Con mis ojos
Mirada a una situación social por la construcción de ciudadanía, el desarrollo institucional y el bienestar general. Respeto extremo al derecho a la intimidad y el buen nombre de las personas. Huye a las rutinas opinativas, a los ruidos mediáticos. Rehúye al sensacionalismo. Consciente de que la asepsia ideológica no existe, promueve el disenso, la crítica constructiva, sin descalificaciones.
A mediados de los noventa del siglo XX, un periodista se sentía un héroe tras descubrir y publicar en un medio nacional las andanzas de un dominicano que había llegado por primera vez desde USA a un municipio del suroeste de la frontera y, en cuestión de días, se convirtió en el dios más venerado.
Como una telenovela de hoy, el tipo lo compraba todo –sirviera o no-- a precios irresistibles, sobre todo para los muy pobres; les llevaban a las jovencitas a sus pies. Mientras libaba los mejores vinos, celebraba orgías a la vista de sus sirvientes locales e importados. Muchos pulseaban por desfilar ante su “shailon” a presentar sus ofrendas de niñas para que le acariciaran su cuerpo. Regalaba carros y aupaba candidatos, a quienes socaliñaba donaciones en sus momentos de malhumor. Empleaba personas aunque no las necesitara; depredaba manglares. Se ufanaba de celebrar actividades deportivas internacionales y llenaba con su publicidad las páginas de periódicos donde lo presentaban como doctor filántropo, “hijo de Pedernales”. Cual institución, en la capital montaba espectáculos a casa llena para reconocer “personalidades” provincianas y capitalinas. En toda la provincia, ninguna autoridad osaba guiñarle un ojo como reproche; él era la autoridad…
Un día, el periodista, orondo por la denuncia que había hecho sobre tal tragedia con careta de paraíso, miró hacia atrás y se descubrió en medio de una soledad terrible. Casi todo el pueblo apoyaba rabiosamente al nuevo dios, y el resto estaba tan indiferente que parecía cómplice. Y vio que los muy bien pagados asesores de tal actor, al mismo tiempo daban cátedras mediáticas de ética y honradez.
Esa historia se repite sin parar cada segundo en todo el territorio nacional, comenzando por las principales ciudades. Y tiene su raíz en Mister Dinero y el tipo de sociedad perversa construida por los indolentes y farsantes que han vivido bajo la sombrilla de las mafias y, sin embargo, visten impermeables de decoro.

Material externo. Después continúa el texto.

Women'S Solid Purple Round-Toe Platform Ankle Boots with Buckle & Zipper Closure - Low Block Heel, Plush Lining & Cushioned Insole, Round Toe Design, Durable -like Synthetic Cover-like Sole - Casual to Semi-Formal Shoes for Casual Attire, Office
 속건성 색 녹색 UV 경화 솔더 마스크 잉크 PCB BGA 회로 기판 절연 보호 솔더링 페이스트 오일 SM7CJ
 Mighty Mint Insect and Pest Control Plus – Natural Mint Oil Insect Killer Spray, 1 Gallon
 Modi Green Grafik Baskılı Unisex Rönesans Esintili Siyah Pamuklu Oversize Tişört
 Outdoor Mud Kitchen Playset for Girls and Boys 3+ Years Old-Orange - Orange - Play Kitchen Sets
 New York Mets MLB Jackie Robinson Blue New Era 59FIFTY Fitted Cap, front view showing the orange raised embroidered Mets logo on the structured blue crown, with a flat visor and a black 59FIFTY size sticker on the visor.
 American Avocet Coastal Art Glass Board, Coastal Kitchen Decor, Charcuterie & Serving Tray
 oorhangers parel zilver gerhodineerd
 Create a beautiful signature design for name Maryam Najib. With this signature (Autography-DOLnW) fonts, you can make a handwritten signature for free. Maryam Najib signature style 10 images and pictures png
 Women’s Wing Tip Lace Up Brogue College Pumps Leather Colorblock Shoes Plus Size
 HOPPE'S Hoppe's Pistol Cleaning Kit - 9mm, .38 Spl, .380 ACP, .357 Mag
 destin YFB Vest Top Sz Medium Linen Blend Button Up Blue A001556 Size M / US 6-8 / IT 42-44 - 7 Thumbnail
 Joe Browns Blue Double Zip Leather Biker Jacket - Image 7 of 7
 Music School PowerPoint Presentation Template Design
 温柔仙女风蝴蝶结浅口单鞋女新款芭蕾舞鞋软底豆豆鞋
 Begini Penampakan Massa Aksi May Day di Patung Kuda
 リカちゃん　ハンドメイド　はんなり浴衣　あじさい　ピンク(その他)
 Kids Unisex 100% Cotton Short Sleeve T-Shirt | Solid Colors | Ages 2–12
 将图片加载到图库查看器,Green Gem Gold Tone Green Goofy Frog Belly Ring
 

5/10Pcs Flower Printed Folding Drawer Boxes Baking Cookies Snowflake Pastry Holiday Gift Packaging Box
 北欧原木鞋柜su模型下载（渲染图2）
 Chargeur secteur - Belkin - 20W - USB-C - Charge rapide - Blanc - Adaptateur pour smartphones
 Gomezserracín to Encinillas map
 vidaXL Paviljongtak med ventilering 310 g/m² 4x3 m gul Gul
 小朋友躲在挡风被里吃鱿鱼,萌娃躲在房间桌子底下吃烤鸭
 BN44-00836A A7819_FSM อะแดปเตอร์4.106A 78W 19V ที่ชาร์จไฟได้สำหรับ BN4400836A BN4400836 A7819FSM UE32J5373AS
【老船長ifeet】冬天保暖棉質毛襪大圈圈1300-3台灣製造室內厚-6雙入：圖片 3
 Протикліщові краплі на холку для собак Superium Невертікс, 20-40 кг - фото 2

La industria de la droga mueve cada año US$300,000 millones, según datos de la Oficina de Drogas y Crimen Organizado de Naciones Unidas. Y, conforme al diario español El Economista, si la “joya de la corona de los negocios ilícitos” fuera un país, el PIB de este mercado negro estaría en el puesto 21, justo después de Suecia.
Exactamente pasa lo mismo con la corrupción. Hace tanto o más daño que la cocaína y la heroína, y sus redes invisibles, tan largas como la cola de un cometa, jamás son mediatizadas. No se atreven porque se mancharían muchas familias publicitadas como honorables.
La visibilización de un solo corrupto o un narco sabe a entretenimiento. No más.
Así, el veneno del narcotráfico y la corrupción pública y privada van camino a ser un deporte nacional. Ninguna solución de fondo a la vista mientras relativicen estos males, agarren “el rábano por las hojas” y crezca la plaga de hipócritas que ya nubla el panorama.